| WORK REQUEST |
Every line of the listing below should come back exactly as written, with no images.

| COLLECTED DATA |
____________
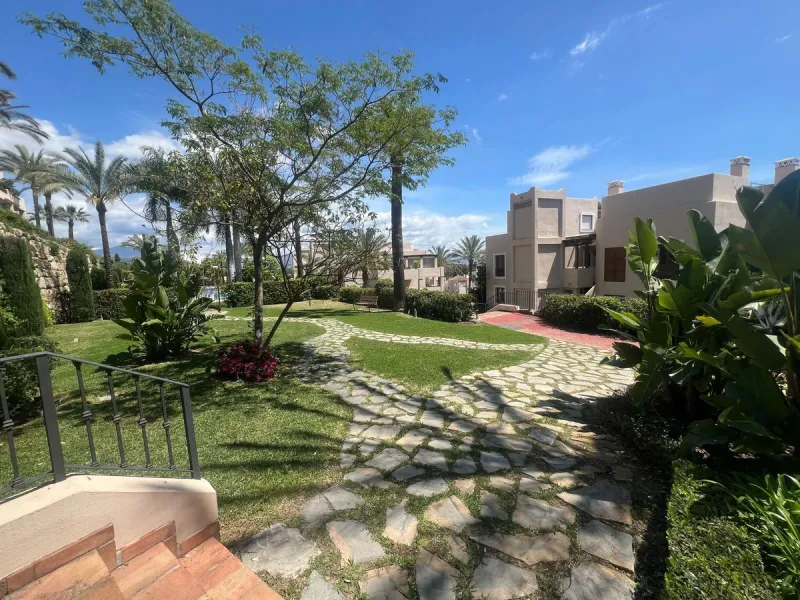 Discover this exceptional first-floor corner apartment, where modern comfort meets breathtaking scenery. Boasting two expansive, glassed in terraces, the residence offers panoramic views that stretch from the sparkling Mediterranean Sea to the majestic su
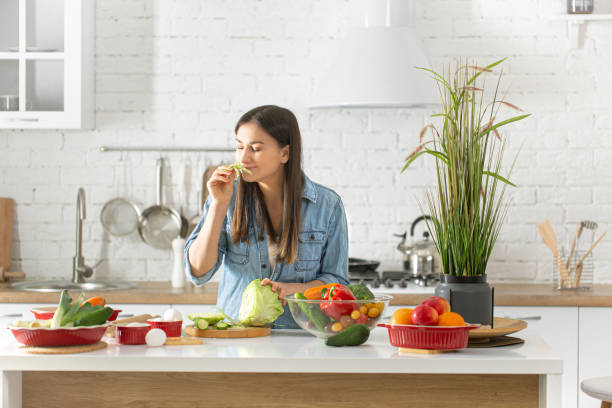 istock A young woman is preparing a salad in the kitchen . 1211339948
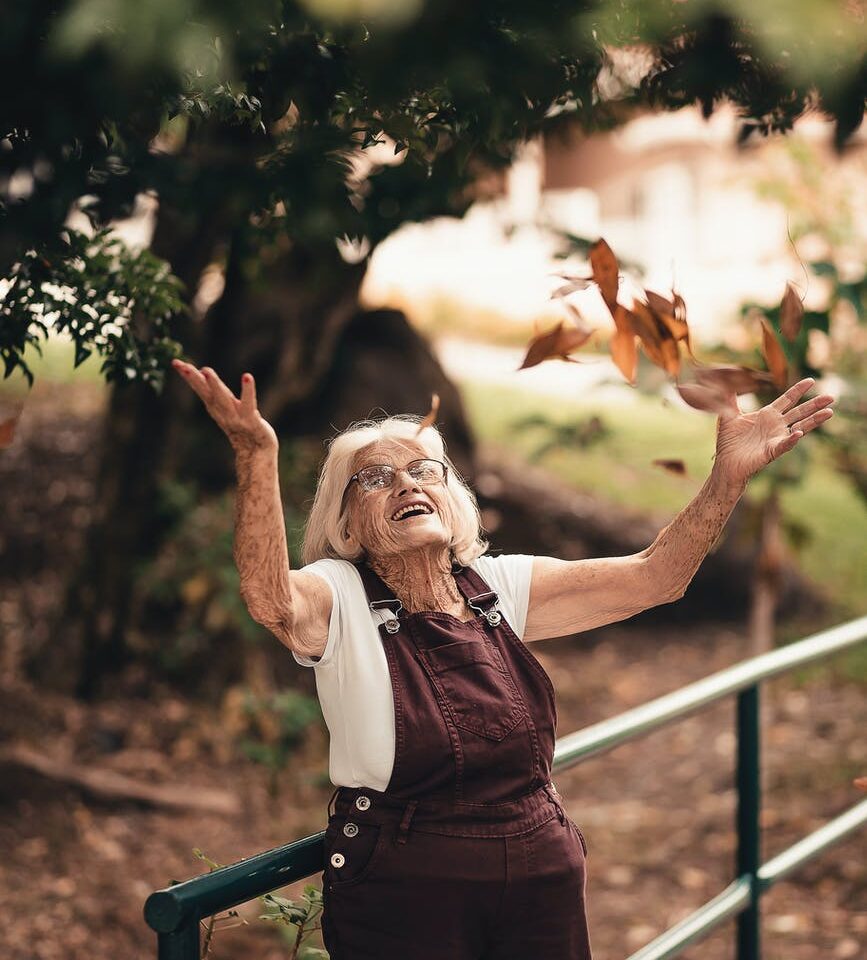 woman wearing brown overalls near brown tree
____________
| RESULT |
 Discover this exceptional first-floor corner apartment, where modern comfort meets breathtaking scenery. Boasting two expansive, glassed in terraces, the residence offers panoramic views that stretch from the sparkling Mediterranean Sea to the majestic su
 istock A young woman is preparing a salad in the kitchen . 1211339948
 woman wearing brown overalls near brown tree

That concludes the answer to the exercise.